A stopgap solution to the flexing problems was to weld extra tubes around the cockpit of the Mk4. When the revised Mk4A was introduced its most significant difference was in a number of body panels that were welded to the chassis in what Lola described as a semi-monocoque design. With the uprated designs results continued to trickle in, but a lack of development funding stunted the cars competitive growth, and by the end of the season both the Mk4 and 4A were completely outclassed. It was only in Tasman Series racing, with the addition of the 2750 cc version of the FPF straight-four, that the car showed some promise. Two such-equipped Mk4 cars were shipped to New Zealand and Australia for their respective Grands Prix in early 1963, where regular driver Surtees was partnered by up-and-coming South African Tony Maggs. In his last two races for the Bowmaker team, before signing with Ferrari, Surtees won the New Zealand Grand Prix and finished second in the Australian Grand Prix, a month later. Maggs failed to finish on either occasion.

With the withdrawal of Bowmaker, Reg Parnell Racing continued with the Mk4/4A cars into the 1963 World Championship season, but only as second-string cars behind new Coopers. One Mk4 was sold to privateer Bob Anderson who entered the car into many Championship and non-Championship races, winning the 1963 Rome Grand Prix.

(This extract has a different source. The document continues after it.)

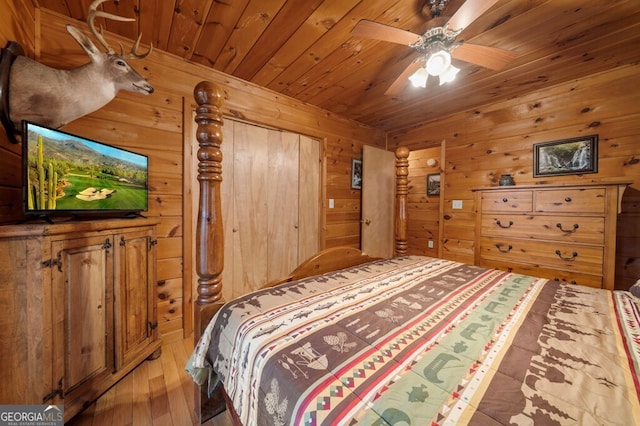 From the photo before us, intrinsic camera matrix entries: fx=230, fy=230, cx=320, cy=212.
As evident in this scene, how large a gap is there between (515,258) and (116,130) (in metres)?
3.51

==Complete Formula One results==
(key) (results in bold indicate pole position)

===World Championship===

| Year | Entrant | Engine | Drivers | 1 | 2 | 3 | 4 | 5 | 6 | 7 | 8 | 9 | 10 | Points | WCC |
| 1962 | Bowmaker Racing Team | Climax V8 |  | NED | MON | BEL | FRA | GBR | GER | ITA | USA | RSA |  | 19 | 4th |
| John Surtees | Ret | 4 | 5 | 5 | 2 | 2 | Ret^{†} | Ret | Ret |  |
| Roy Salvadori | Ret | Ret |  | Ret | Ret | Ret | Ret |  | Ret |  |
| 1963 | Reg Parnell Racing | Climax V8 |  | MON | BEL | NED | FRA | GBR | GER | ITA | USA | MEX | RSA | 0 | 13th |
| Maurice Trintignant | Ret^{†} |  |  |  |  |  |  |  |  |  |
| Lucien Bianchi |  | Ret |  |  |  |  |  |  |  |  |
| Chris Amon | PO^{†} | Ret^{†} | Ret^{†} | 7^{†} | 7^{†} | Ret^{†} | PO^{†} |  |  |  |
| John Campbell-Jones |  |  |  |  | 13 |  |  |  |  |  |
| Mike Hailwood |  |  |  |  |  |  | Ret |  |  |  |
| Masten Gregory |  |  |  |  |  |  |  | Ret^{†} | Ret^{†} |  |
| DW Racing Enterprises | Climax V8 | Bob Anderson |  |  |  |  | 12 |  | 12 |  |  |  |

^{†} Mk4A chassis.

===Non-Championship===
(key)

Year: Entrant; Drivers; 1; 2; 3; 4; 5; 6; 7; 8; 9; 10; 11; 12; 13; 14; 15; 16; 17; 18; 19; 20; 21; 22
1962: Bowmaker Racing Team; CAP; NZL; BRX; LOM; LAV; GLV; PAU; AIN; INT; NAP; MAL; CLP; RMS; SOL; KAN; MED; DAN; OUL; MEX; AUS; RAN; NAT
John Surtees: Ret^{‡}; Ret^{‡}; Ret^{‡}; Ret; Ret; 3; 1; Ret; DNA; Ret^{†}; Ret^{†}; Ret; Ret; 3
Roy Salvadori: 2^{‡}; 4^{‡}; Ret^{‡}; Ret; 2; 6; 2; Ret; Ret
1963: Bowmaker Racing Team; NZL; AUS; LOM; GLV; PAU; IMO; SYR; AIN; INT; ROM; SOL; KAN; MED; AUT; OUL; RAN
John Surtees: 1^{‡}; 2^{‡}
Tony Maggs: Ret^{‡}; Ret^{‡}
Reg Parnell Racing: Chris Amon; 5^{†}; 6^{†}; Ret^{†}; Ret^{†}; 4
Mike Hailwood: 16; 7
DW Racing Enterprises: Bob Anderson; Ret; Ret; 3; 4; 1; 8; 8; 6; Ret

^{†} Mk4A chassis.

^{‡} Car ran with 4-cylinder FPF engine. On all other occasions the cars were fitted with the V8 FWMV engine.